Monday, March 31, 2008

Cyril

February 29, 1972 - March 28, 2008

"It's not about the number of breaths you take, it's about the moments that take your breath away."

Cyril died the way he lived his life -- bravely and full of quiet determination. It was a bright and sunny spring day in Indianapolis, finally, after so many cold winter months. The clouds were high and there were miles of visibility; it was the kind of day he would call "a perfect day to fly". It was a Friday too, his favorite day of the week. And he chose to spend that beautiful day with me, with our favorite music playing on the iBook he bought for me because "My, any writer needs to have a Mac." We passed some time reading a new book his sister Cathy sent me, Jodi Picoult's A Change of Heart. It is a book about miracles, physical ones and those of the heart. I like to think he could still hear me while I read those chapters out loud, if not with his ears but through his soul.

It was 5:45 pm, the room still bright from the sun pouring in from the picture window, when Cyril finally took the rest he deserved and I kissed and hugged my best friend goodbye. My Mom, our Filipina doctor-friend Maddie and I had just finished praying a rosary when it was obvious Cyril was leaving us. They left Cyril and I alone in those last quiet moments, which was the way he wanted it.

After that last time together, I informed his Mom, Dad and the rest of the family who were in the apartment that Cyril had left us. Then it was time to tell the kids. I waited until Anton, Lorenzo and Max came to the hospital and I told them what had happened while they were sleeping off their jetlag. I reminded them of the little miracle on Wednesday, when Cyril opened his eyes, lifted his head, and gave the children this last memory: their Dad smiling at them and motioning them to come nearer. After a few minutes, he slipped back to sleep. The family, doctors and nurses were crowded outside his door in shock because Cyril had no business waking up under all that sedation. You see, Cyril had already been taken off the life support early Tuesday morning, at his own request, and the doctors had only given him several hours. He stayed with us long enough to see the boys, and a few days more. I smile at the thought that, like in so many things he did, Cyril will be remembered for doing something so remarkably unusual.

The kids stayed in the hospital that Wednesday night, and often came to their Dad's bedside. They are their father's sons, so brave for such a young age, and they will be fine. They will grow up hearing stories of their adventurous, handsome, headstrong, accomplished, and determined Dad. He set a fine example for them and they will never hear anyone speak ill of their father because he really was everyone's friend.

Cyril requested to be cremated and we have been having Masses here for him with the help of some truly wonderful friends, including Father Anthony, Cyril's spiritual guide these last months. Special love and thanks goes to my sister Margaret, who generously gave us months of her life and took care of Cyril like he was her own. Then, in a wonderfully appropriate tribute to Cyril's wanderlust, my kids and I, along with my parents, are going to travel and visit friends and family. He wanted the kids to have good memories of this time.

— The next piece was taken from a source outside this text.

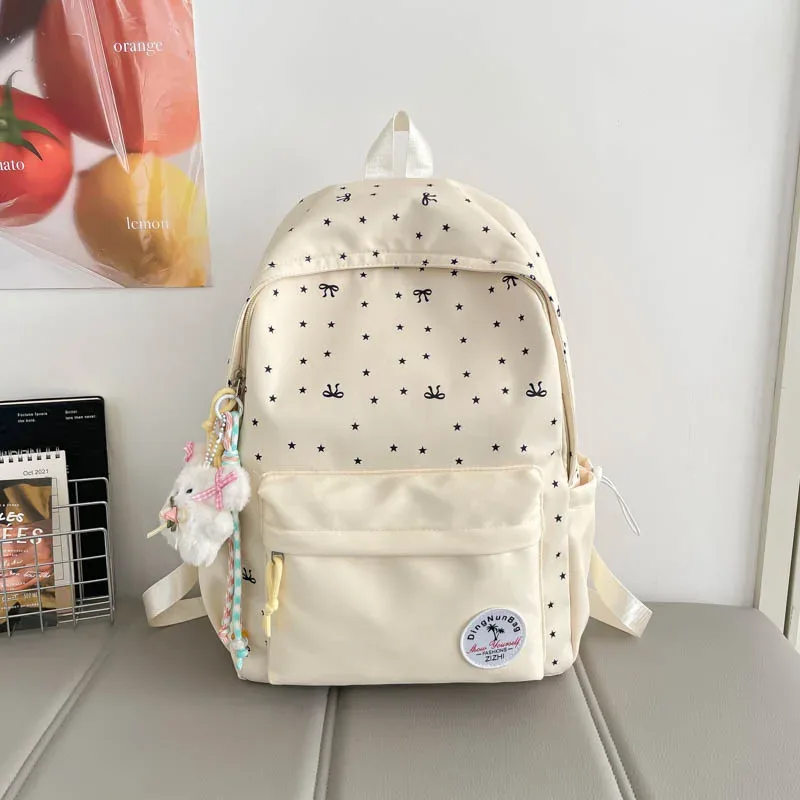 sac à main léger à motif papillon et étoiles, grande capacité, sac à bandoulière décontracté, sac à dos étudiant avec breloque, sac fourre-tout mignon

We will have memorial masses in New York and LA, and in Manila when we eventually return home. No schedules yet. My only request to all of you whose lives have been touched by Cyril -- Don't stop talking about him. Let the kids hear all the stories about their crazy, goofy Dad. Their super athlete Dad. Their Dad when he was still a kid like them. They lap up these stories and really enjoy hearing them. It keeps him alive. I will certainly not stop talking about him.

Also, if you have pictures, send them to me. Prints, or digital on CD or via email.... I would love to have them so I can organize a library for the kids. If you are up to it, write me about him and your memories of him, whether by snail mail or email. I will save all those too for the kids so they will know how many people loved their Dad.

Thank you to everyone for your prayers. Mass cards will definitely be appreciated.

All my love,
M.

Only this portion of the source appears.